F: Não esvazia porque o esvaziar é também um produto do cálculo autocentrado. Percebe? A estrutura parece não ter fim.

O: Mas estaria a resposta libertária na ação emotiva de esvaziamento do saco? Logo ali, a estrutura começa a estruturar novas circunstâncias que novamente trarão o mesmo conteúdo que cria o sentimento de estar de saco cheio.

F: Estamos mais do que conscientes de que não tem sentido sentir medo, mesmo assim, sentimos. Qual o sentido viver diariamente afetado por loopings de medo? E vivemos! Não há sentido, a estrutura calculista roda por si.

A: Sim, e o cálculo é medo em ação. Não faz sentido nenhum viver seno afetado pelo medo.

O: Nosso saco está cheio é do próprio olhar condicionado da estrutura.

F: Exato! Mesmo a mente vendo isso, ela não esvazia. Ela viu isso, está vendo agora mesmo.

A: O próprio cálculo da mente não é suficiente para esvaziá-la.

O: O que é preciso esvaziar, a meu ver, é o olhar da mente estruturada. Uma mente estruturada no cálculo, nunca saberá o que é comunhão real, nunca estará livre do processo adulterante do cálculo autocentrado. Uma mente sem real comunhão, como pode saber o que é bem-estar? Veja, não temos real comunhão com nada e com ninguém.

A: A estrutura tem que sofrer um impeachment.

O: Isso, algo assim, algo que não seja um produto dos seus cálculos.

F: Boa! Verdade! Isso faz total sentido!

O: Estamos presos num looping de cálculos autocentrados que impedem a real comunhão.

F: Somos insensíveis, pela compreensão conseguimos ver que o outro também tem isso, mas a reação emocional sempre nos joga para o lado do auto-interesse, para o cálculo autocentrado.

A: Tudo o que é causado pela estrutura condicionada é sempre limitado, fragmentado, destituído de real sentido.

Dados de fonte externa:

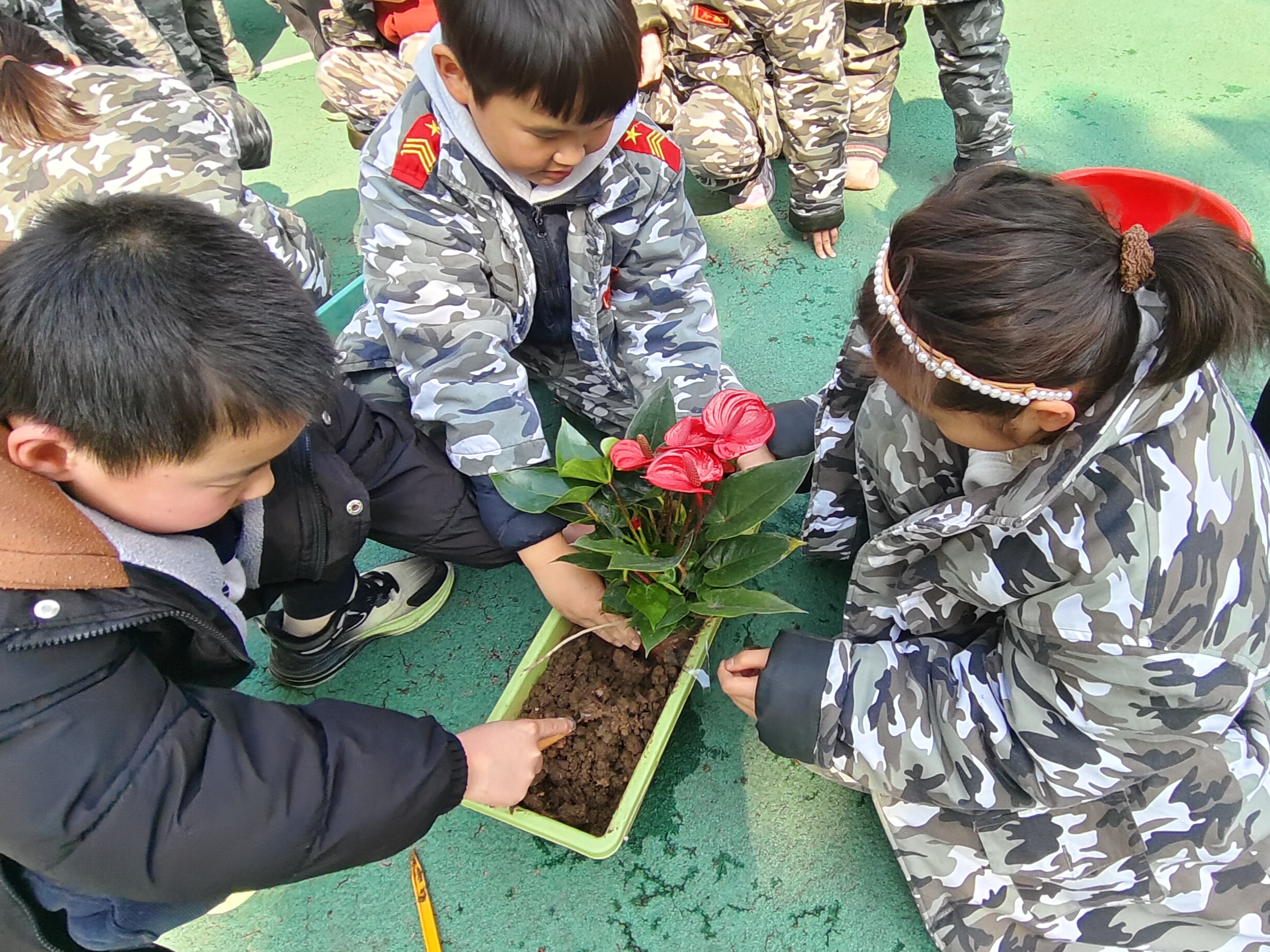 微信图片_20260313141837_16_57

O: Enquanto permanecemos nesse looping, não há como saber o que é autonomia psíquica, liberdade, sentido real de viver.

F: A sensibilidade da estrutura é forçada, calculada. Estamos fudidos! Pela estrutura condicionada, não vejo saída. Só não chuto o pau da barraca diante das minhas atuais circunstâncias, porque percebo que isso é só mais um dos impulsos emotivos reativos escapistas e separatistas da própria estrutura; é só mais um looping dela: largar relação, sair do emprego, mudar de cidade ou de país, etc., etc., etc.

A: Não tem ação libertária e integrativa por meio da estrutura.

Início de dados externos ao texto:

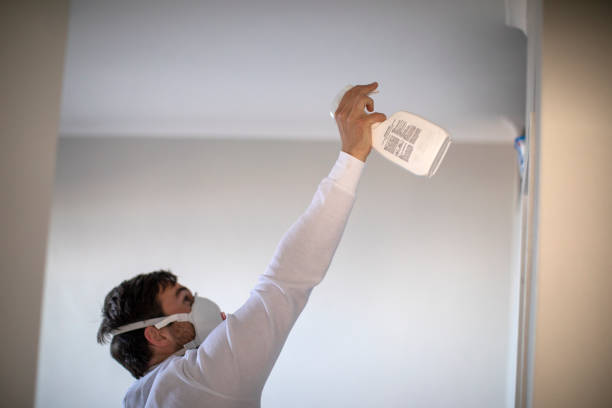 Best Mold Testing and Inspection Services in Green Oaks, IL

O: Todos que funcionam dentro da mesma estrutura, alimentam o impulso calculista e separatista... riscou o cálculo autocentrado, ostracismo, cristalização da imagem previamente formada das pessoas e situações.

A: Fato!

F: A estrutura é única! Isso é fato mas, mesmo percebendo isso, ela permanece criando novas formas de looping, criando outra imagem para tentar sair da imagem. É como no filme “A Origem”...  Não tem saída! Já nem sabemos mais o que é sonho, se é dentro do sonho ou de um sonho dentro de outro sonho. Ferrou tudo!

O: A meu ver, sem a ocorrência de uma percepção libertária, integrada, não pontualizada, livre da emoção reativa, não saberemos o que é o viver correto, o que é comunhão, liberdade, felicidade, amor, vocação, ausência do cálculo autocentrado, permanecemos no looping.

F: Pode ser isso. Já nem sei!

O: A expressão "não sei", demonstra a ausência da percepção que integra à realidade.

F: Mas é real. Eu já não sinto o medo como antes, já não estou sendo dominado por ele. Não estou sendo hipócrita.

O: Sinto que precisamos de um contato com algo, em nós, que não faça parte da estrutura calculista.

F: Tem que ocorrer algo além da estrutura limitada que somos, senão, é isso.

O: Veja bem: algo "em nós"... não algo vindo do céu, de outra dimensão ou fora disso que somos. Creio que até aqui, dissecamos muito bem a estrutura e seu funcionamento, ao ponto de percebermos que, por mais esclarecida que seja essa estrutura, ela não tem como, por si mesma, superar sua limitação de percepção da realidade. Em vista disso, é preciso a manifestação de um poder superior de percepção à própria estrutura; algo que surja de alguma dimensão interna não tocada pelo cálculo, pelos preconceitos, pelas manias e tendências, pelas falsas dependências.

A: Isso!

F: Se vier do céu, tudo bem... Não interessa de onde vem. Já tivemos uma breve amostra de que aquele estado integrado de ser, não se limita nem mesmo ao nosso corpo.